Los trapecistas de antes abominaban de la red de protección porque encontraban que, precisamente en el desafío a la muerte, residía la razón de su arte. Un caballero fibroso con apellido italiano de alquiler trepaba por la cuerda con el torso en perfecta verticalidad y las piernas en ángulo recto, realizando un esfuerzo ímprobo que el público, deslumbrado por su sonrisa de marfil, no veía. Una vez colgado del trapecio, practicaba los balanceos de rigor para calentar los músculos y a alguna dama de la concurrencia; y, avisado por un redoble con cola de platillo, se soltaba de la barra, daba un par de vueltas muy cerca del cielo y se sujetaba a otro trapecio que alguien había sincronizado de forma impecable, dejando detrás una nube de polvo blanco y salvándose de la invalidez en el último instante.

 

A veces los trapecistas eran dos, incluso tres, ellos con bigote curvado hacia arriba, ellas con piernas de futbolista, todos vestidos como vestían los bañistas en 1920. El espectáculo era magnífico: fuertes y gráciles perfiles humanos dibujando corvetas en el aire, cruzándose entre las miradas perplejas del respetable, cediéndose el paso, suspendidos unos de otros hasta su nuevo lanzamiento, en una danza vaporosa que aclaraba tanto la procedencia del hombre del mono como su voluntad de superarlo.

 

De cuando en cuando, claro, algo fallaba: mucho sudor, poco talco, falta de sueño, un despiste... La gravedad se cobraba entonces su peaje y, ¡alejop!, dejaba una figura contorsionada en la pista con la médula espinal rota, mientras el público, mudo hasta entonces, señalaba con el dedo lo que no tenía pérdida ensayando, a la vez, diferentes variedades de pánico, íntimamente satisfecho al recordar el precio de la entrada.
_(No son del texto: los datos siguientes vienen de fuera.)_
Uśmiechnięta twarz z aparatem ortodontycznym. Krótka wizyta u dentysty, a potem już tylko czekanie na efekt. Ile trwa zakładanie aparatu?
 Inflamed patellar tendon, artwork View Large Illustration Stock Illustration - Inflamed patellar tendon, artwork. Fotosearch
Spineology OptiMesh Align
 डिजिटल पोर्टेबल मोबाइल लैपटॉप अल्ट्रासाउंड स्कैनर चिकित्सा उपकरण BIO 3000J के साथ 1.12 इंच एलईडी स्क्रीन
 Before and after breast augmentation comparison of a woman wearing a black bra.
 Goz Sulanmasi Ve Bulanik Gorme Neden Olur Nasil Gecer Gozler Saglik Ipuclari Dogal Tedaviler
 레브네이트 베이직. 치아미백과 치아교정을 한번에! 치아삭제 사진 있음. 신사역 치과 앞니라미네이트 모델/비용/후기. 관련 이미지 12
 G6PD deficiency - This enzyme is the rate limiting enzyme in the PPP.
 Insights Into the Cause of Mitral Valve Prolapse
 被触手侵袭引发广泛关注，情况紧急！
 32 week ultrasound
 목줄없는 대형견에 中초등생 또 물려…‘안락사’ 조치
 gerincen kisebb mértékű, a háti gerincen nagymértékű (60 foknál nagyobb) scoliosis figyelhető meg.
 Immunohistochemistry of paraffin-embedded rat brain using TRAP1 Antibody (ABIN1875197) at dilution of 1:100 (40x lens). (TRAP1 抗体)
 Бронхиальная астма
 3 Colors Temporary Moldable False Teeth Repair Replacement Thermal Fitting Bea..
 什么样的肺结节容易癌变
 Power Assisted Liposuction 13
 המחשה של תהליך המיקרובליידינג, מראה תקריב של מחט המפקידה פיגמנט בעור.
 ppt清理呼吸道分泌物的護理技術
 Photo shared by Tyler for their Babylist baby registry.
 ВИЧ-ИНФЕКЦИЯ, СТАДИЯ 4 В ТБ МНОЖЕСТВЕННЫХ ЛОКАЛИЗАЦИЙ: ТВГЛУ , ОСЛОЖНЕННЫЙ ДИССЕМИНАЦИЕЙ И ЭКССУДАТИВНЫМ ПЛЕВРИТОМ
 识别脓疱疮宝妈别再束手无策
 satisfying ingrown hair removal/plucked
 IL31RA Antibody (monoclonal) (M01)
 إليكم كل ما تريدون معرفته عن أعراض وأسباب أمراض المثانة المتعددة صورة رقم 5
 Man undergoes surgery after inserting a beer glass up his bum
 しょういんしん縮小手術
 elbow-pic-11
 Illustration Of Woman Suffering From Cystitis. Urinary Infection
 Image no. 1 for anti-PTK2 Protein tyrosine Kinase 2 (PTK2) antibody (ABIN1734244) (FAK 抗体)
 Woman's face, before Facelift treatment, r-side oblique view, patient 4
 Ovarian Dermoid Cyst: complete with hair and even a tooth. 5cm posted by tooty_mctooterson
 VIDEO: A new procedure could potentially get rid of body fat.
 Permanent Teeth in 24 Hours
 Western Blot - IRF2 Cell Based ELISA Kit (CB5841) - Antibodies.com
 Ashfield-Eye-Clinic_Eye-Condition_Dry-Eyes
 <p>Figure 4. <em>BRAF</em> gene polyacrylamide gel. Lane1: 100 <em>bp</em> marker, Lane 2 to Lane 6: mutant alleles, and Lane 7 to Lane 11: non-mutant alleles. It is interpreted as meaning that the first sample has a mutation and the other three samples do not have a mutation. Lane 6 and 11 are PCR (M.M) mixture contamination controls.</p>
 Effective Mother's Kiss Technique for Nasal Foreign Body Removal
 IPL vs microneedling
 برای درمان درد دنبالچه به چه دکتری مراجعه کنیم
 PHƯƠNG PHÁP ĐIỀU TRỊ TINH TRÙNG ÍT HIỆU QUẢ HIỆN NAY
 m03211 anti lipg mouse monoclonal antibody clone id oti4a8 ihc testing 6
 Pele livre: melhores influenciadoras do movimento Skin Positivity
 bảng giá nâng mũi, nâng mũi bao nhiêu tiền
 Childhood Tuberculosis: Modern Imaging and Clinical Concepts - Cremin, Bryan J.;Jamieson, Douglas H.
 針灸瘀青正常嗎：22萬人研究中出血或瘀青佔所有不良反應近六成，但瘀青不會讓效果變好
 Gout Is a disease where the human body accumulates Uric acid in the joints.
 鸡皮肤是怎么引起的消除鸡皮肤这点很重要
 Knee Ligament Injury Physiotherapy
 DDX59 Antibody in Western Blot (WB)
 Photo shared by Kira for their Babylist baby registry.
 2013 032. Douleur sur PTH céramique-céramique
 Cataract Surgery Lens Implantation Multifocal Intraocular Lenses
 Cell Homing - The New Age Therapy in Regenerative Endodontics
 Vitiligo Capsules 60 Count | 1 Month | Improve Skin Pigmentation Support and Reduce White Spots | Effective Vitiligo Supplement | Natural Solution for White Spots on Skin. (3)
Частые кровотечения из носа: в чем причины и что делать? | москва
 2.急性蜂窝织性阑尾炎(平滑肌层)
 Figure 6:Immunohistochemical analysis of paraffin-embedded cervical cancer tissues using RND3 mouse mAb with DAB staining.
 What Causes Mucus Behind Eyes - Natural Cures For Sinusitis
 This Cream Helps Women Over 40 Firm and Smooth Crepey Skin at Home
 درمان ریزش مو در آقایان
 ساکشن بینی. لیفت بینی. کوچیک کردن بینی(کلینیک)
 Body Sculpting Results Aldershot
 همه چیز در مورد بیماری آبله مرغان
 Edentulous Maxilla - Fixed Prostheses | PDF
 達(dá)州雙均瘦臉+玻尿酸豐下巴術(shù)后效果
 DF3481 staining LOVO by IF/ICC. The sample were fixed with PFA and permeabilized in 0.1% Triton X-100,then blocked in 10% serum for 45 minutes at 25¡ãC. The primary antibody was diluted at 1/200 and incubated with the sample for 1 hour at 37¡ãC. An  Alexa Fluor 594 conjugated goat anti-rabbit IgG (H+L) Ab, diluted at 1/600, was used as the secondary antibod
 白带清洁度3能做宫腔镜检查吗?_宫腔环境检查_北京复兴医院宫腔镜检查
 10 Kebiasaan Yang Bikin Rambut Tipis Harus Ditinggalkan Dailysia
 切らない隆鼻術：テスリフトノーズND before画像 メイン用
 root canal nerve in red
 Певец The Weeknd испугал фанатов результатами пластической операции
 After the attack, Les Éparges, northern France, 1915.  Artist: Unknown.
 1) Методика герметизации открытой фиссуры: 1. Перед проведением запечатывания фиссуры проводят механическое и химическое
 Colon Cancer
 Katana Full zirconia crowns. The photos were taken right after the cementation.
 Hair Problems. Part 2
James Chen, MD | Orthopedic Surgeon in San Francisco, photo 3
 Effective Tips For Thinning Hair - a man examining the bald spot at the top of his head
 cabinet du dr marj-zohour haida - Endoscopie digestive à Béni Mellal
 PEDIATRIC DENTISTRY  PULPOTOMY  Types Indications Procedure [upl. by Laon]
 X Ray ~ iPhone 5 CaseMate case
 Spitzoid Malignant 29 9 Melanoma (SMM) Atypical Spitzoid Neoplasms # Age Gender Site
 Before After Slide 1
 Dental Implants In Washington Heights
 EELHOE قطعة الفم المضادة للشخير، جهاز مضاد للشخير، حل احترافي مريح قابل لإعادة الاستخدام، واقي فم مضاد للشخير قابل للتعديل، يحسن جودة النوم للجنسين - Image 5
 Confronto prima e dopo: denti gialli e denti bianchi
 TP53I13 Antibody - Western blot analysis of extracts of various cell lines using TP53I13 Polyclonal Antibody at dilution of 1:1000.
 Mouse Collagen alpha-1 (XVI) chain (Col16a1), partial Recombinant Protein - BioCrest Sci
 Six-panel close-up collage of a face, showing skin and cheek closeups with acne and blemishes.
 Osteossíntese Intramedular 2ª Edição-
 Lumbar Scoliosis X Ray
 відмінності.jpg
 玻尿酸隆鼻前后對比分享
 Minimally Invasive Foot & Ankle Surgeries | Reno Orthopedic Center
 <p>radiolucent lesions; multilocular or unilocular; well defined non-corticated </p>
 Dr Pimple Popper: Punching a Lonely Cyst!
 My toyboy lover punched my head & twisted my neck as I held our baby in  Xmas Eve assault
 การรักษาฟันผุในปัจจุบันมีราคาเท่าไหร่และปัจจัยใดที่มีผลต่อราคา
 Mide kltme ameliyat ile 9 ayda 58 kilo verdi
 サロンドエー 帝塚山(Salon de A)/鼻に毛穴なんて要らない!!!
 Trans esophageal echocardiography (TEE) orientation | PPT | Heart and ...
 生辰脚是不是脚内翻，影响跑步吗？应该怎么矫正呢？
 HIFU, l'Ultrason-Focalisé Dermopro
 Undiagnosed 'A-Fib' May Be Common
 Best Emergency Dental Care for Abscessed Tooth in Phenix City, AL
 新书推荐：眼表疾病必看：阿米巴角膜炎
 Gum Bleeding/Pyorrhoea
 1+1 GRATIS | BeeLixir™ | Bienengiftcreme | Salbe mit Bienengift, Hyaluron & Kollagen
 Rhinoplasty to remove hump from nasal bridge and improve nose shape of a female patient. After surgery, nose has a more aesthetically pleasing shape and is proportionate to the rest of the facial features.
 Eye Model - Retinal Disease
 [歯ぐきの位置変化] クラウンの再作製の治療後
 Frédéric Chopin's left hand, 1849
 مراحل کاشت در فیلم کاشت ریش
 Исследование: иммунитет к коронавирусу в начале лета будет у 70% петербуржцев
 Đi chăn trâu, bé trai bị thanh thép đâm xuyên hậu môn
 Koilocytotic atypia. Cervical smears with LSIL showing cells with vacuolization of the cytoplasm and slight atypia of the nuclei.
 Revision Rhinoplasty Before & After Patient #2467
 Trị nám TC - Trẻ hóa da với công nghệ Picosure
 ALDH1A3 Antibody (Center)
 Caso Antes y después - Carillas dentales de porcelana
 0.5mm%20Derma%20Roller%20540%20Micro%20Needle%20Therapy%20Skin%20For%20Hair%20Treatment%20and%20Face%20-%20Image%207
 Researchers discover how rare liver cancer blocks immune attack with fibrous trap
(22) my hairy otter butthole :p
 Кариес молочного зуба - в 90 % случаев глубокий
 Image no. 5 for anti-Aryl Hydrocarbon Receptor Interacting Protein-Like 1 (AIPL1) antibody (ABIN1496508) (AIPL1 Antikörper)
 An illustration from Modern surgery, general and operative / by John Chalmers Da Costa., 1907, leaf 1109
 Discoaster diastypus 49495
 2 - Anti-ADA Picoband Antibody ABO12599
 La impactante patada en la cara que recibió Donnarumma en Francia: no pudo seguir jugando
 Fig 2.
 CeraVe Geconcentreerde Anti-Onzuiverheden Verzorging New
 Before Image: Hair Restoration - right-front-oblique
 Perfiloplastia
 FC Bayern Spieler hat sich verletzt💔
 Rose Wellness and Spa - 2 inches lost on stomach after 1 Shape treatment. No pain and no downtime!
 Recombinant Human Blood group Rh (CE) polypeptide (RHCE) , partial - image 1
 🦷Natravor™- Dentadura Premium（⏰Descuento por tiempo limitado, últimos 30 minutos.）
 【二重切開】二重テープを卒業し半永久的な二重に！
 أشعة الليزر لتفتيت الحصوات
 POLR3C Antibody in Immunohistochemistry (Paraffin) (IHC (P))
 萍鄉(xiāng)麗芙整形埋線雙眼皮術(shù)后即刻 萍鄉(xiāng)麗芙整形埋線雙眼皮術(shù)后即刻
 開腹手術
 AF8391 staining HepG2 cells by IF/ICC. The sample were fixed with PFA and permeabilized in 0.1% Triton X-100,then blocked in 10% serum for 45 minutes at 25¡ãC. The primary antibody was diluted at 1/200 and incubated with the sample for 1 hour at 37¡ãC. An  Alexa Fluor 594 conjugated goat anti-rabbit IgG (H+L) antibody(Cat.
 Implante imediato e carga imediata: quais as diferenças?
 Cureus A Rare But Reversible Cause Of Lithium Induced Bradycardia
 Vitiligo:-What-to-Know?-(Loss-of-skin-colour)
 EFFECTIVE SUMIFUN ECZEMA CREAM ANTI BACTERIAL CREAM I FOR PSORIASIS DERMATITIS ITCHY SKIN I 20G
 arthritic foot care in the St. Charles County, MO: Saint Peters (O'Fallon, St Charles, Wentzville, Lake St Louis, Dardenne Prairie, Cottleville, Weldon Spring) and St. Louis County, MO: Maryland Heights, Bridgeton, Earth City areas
De ese modo, era posible admirar de nuevo a los trapecistas vivos, que soportaban imperturbables la pérdida observando con escrúpulo el código de la estirpe, orgullosa en la vida y en la muerte, lista para disputar a las nubes una y mil veces su puesto.

 

Luego llegaron las redes, como llegaron los cinturones de seguridad, la mayonesa con huevina y las cremas de protección solar. Los trapecistas se afeitaron el bigote y el mundo fue civilizándose poco a poco. La muerte fue haciéndose más y más prohibitiva, cada vez al alcance de menos gente. Dejamos de mirar al cielo y nos centramos en la red. Hoy sólo podemos disfrutar de las volteretas si nos garantizan que nadie se romperá la crisma delante de nuestros hijos. Lo que, en realidad, tiene todo el sentido del mundo. Así que desconozco –si lo tuviera– el valor metafórico de todo esto.